- Task objective
Nothing in the records below may change; print them all exactly.

◇ ◇ ◇ ◇ ◇ ◇ ◇

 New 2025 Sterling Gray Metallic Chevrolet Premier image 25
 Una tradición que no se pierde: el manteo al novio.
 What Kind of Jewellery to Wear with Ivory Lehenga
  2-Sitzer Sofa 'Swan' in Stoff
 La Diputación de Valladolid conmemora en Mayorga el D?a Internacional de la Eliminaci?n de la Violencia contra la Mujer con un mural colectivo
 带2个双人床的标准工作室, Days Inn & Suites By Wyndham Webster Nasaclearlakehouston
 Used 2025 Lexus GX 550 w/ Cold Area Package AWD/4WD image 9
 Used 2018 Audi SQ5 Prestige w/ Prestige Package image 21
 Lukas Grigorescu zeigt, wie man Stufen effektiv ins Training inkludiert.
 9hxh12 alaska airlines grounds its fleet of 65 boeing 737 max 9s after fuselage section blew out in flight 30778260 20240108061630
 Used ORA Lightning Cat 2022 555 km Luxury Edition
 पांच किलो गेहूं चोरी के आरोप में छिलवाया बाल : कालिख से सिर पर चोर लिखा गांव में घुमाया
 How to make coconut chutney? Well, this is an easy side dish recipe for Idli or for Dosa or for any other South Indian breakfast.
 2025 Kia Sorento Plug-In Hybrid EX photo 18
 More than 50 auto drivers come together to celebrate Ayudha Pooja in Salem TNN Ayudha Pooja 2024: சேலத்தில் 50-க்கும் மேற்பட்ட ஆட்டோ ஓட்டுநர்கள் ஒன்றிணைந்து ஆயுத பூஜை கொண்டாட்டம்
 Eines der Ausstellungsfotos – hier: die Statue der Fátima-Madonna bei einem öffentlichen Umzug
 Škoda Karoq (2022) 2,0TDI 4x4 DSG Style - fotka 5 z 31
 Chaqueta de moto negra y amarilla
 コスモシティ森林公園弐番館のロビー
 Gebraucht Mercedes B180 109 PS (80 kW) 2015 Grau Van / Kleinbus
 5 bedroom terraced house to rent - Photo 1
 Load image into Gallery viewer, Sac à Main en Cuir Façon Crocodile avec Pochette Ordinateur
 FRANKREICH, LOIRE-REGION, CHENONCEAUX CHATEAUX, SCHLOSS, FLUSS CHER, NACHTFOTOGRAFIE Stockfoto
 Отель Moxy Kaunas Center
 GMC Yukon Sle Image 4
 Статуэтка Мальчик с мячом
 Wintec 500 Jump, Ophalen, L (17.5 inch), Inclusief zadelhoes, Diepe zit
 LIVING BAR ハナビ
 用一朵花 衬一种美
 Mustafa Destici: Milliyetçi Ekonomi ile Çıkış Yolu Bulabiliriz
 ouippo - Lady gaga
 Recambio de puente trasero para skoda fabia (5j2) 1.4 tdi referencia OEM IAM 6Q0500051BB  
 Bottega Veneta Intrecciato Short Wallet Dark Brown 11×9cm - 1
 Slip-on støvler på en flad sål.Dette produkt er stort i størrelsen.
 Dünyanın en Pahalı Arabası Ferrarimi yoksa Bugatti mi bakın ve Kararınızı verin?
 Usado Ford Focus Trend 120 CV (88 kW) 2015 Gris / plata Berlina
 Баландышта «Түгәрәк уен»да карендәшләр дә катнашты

◇ ◇ ◇ ◇ ◇ ◇ ◇

- Solution for this task
 New 2025 Sterling Gray Metallic Chevrolet Premier image 25
 Una tradición que no se pierde: el manteo al novio.
 What Kind of Jewellery to Wear with Ivory Lehenga
  2-Sitzer Sofa 'Swan' in Stoff
 La Diputación de Valladolid conmemora en Mayorga el D?a Internacional de la Eliminaci?n de la Violencia contra la Mujer con un mural colectivo
 带2个双人床的标准工作室, Days Inn & Suites By Wyndham Webster Nasaclearlakehouston
 Used 2025 Lexus GX 550 w/ Cold Area Package AWD/4WD image 9
 Used 2018 Audi SQ5 Prestige w/ Prestige Package image 21
 Lukas Grigorescu zeigt, wie man Stufen effektiv ins Training inkludiert.
 9hxh12 alaska airlines grounds its fleet of 65 boeing 737 max 9s after fuselage section blew out in flight 30778260 20240108061630
 Used ORA Lightning Cat 2022 555 km Luxury Edition
 पांच किलो गेहूं चोरी के आरोप में छिलवाया बाल : कालिख से सिर पर चोर लिखा गांव में घुमाया
 How to make coconut chutney? Well, this is an easy side dish recipe for Idli or for Dosa or for any other South Indian breakfast.
 2025 Kia Sorento Plug-In Hybrid EX photo 18
 More than 50 auto drivers come together to celebrate Ayudha Pooja in Salem TNN Ayudha Pooja 2024: சேலத்தில் 50-க்கும் மேற்பட்ட ஆட்டோ ஓட்டுநர்கள் ஒன்றிணைந்து ஆயுத பூஜை கொண்டாட்டம்
 Eines der Ausstellungsfotos – hier: die Statue der Fátima-Madonna bei einem öffentlichen Umzug
 Škoda Karoq (2022) 2,0TDI 4x4 DSG Style - fotka 5 z 31
 Chaqueta de moto negra y amarilla
 コスモシティ森林公園弐番館のロビー
 Gebraucht Mercedes B180 109 PS (80 kW) 2015 Grau Van / Kleinbus
 5 bedroom terraced house to rent - Photo 1
 Load image into Gallery viewer, Sac à Main en Cuir Façon Crocodile avec Pochette Ordinateur
 FRANKREICH, LOIRE-REGION, CHENONCEAUX CHATEAUX, SCHLOSS, FLUSS CHER, NACHTFOTOGRAFIE Stockfoto
 Отель Moxy Kaunas Center
 GMC Yukon Sle Image 4
 Статуэтка Мальчик с мячом
 Wintec 500 Jump, Ophalen, L (17.5 inch), Inclusief zadelhoes, Diepe zit
 LIVING BAR ハナビ
 用一朵花 衬一种美
 Mustafa Destici: Milliyetçi Ekonomi ile Çıkış Yolu Bulabiliriz
 ouippo - Lady gaga
 Recambio de puente trasero para skoda fabia (5j2) 1.4 tdi referencia OEM IAM 6Q0500051BB  
 Bottega Veneta Intrecciato Short Wallet Dark Brown 11×9cm - 1
 Slip-on støvler på en flad sål.Dette produkt er stort i størrelsen.
 Dünyanın en Pahalı Arabası Ferrarimi yoksa Bugatti mi bakın ve Kararınızı verin?
 Usado Ford Focus Trend 120 CV (88 kW) 2015 Gris / plata Berlina
 Баландышта «Түгәрәк уен»да карендәшләр дә катнашты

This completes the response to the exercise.